Энтузиазм? Никто другой на месте Винсента не мог бы испытывать это чувство. Приезд отца заставил его окончательно осознать, в какую пропасть увлекла его Син. Ни единого упрека не вымолвил пастор, а лишь удивленно и грустно молчал, но этот немой укор был для Винсента хуже всякой брани. Он уже понимал, что ему не спасти Син. Но какое дело святому до очевидных фактов? «Я по прежнему думаю, — говорил Винсент, — что нельзя оставить женщину, если она мать и покинута всеми».

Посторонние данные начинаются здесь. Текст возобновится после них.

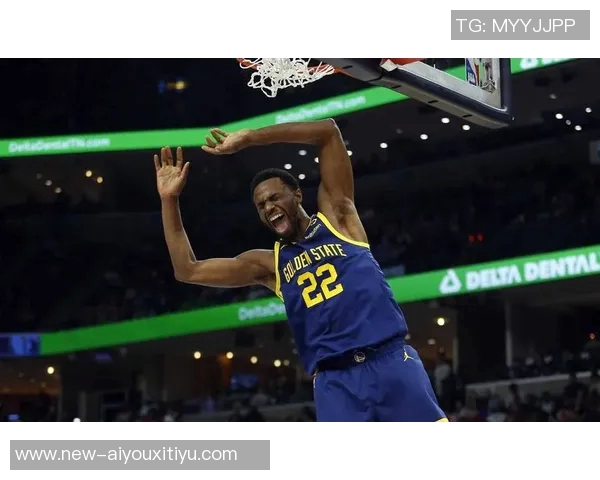 追梦策略：最后阶段对手仅有一次投篮机会我们迅速反击争取胜利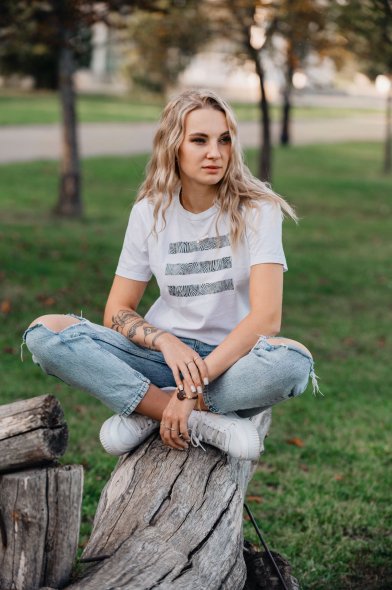 Парк 1000-летия Ярославля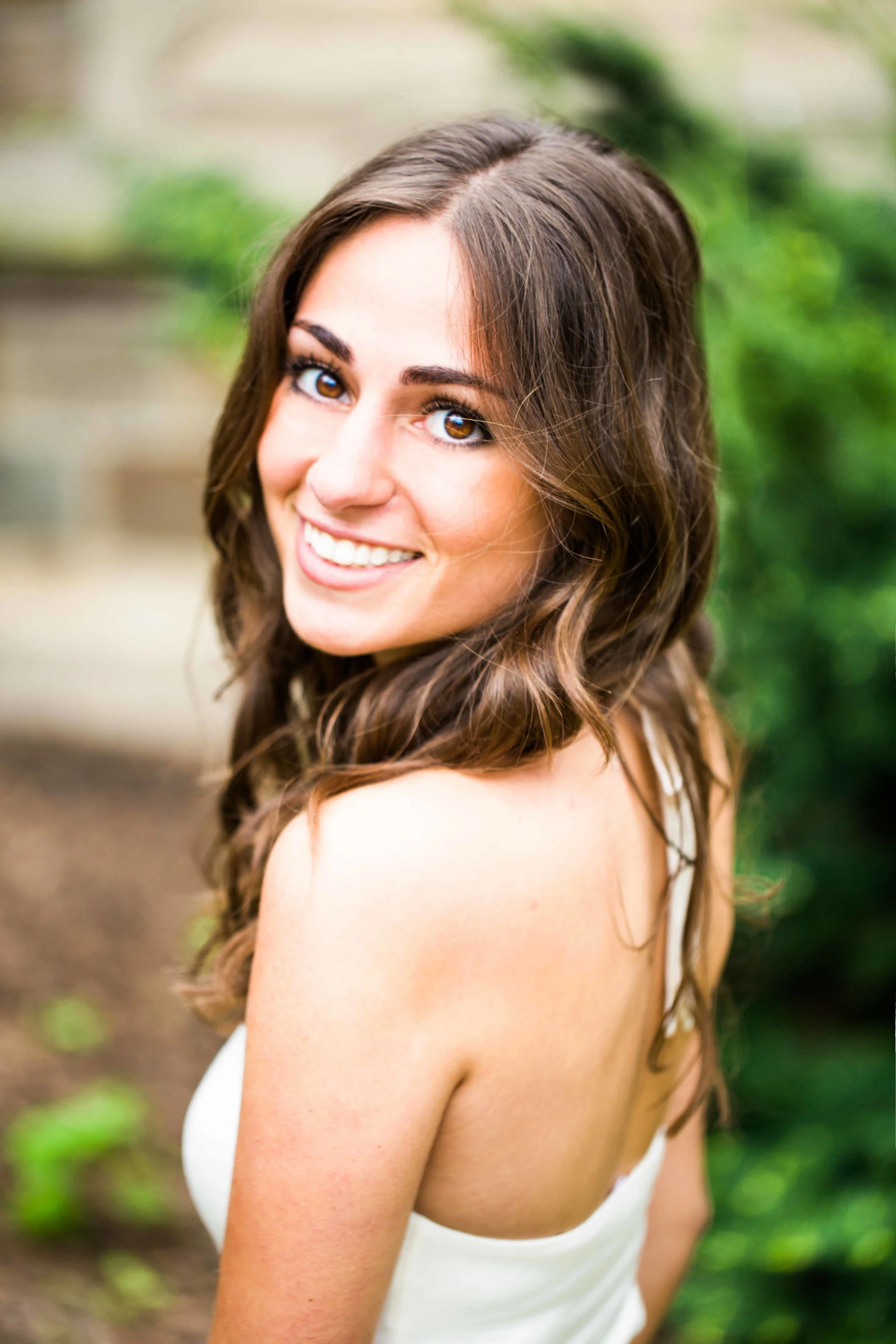 8C9A0505-Edit.jpg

Он жил впроголодь. Все, что не успевала промотать Син, он тратил на свое искусство, нанимая за плату натурщиков, предпочитая голодать, лишь бы не замедлить работу. Заведомо принося себя в жертву искусству, сознавая весь риск этой беззаветной жертвы, но не желая знать ничего, кроме велений искусства, он как то сказал своему брату пророческие слова: «Во мне горит огонь, которому я не могу дать погаснуть, который я, напротив, обязан разжигать, хоть я и не знаю, к чему это приведет. Я не удивлюсь, если все кончится для меня печально. Но в иных случаях лучше быть побежденным, нежели победителем, так, например, лучше быть Прометеем, чем Зевсом». Когда дело касается искусства, он непримирим. На Ван Раппарда, выручившего его в трудную минуту, он тем не менее набросился с упреками за то, что тот согласился взять заказ: «Чем чаще Вы будете писать декоративные вещи к „торжественным случаям“, как бы очаровательны и удачны они ни были, тем больше Вам придется поступаться Вашей совестью художника». Год шел к концу. У Винсента совсем не осталось сил. И все же 3 января нового, 1883 года он написал брату: «Надеюсь, старина, что благодаря упорному труду я когда нибудь научусь писать хорошие вещи. Я еще не достиг этого, но я не упущу своей добычи и буду биться за нее… Вперед, вперед!»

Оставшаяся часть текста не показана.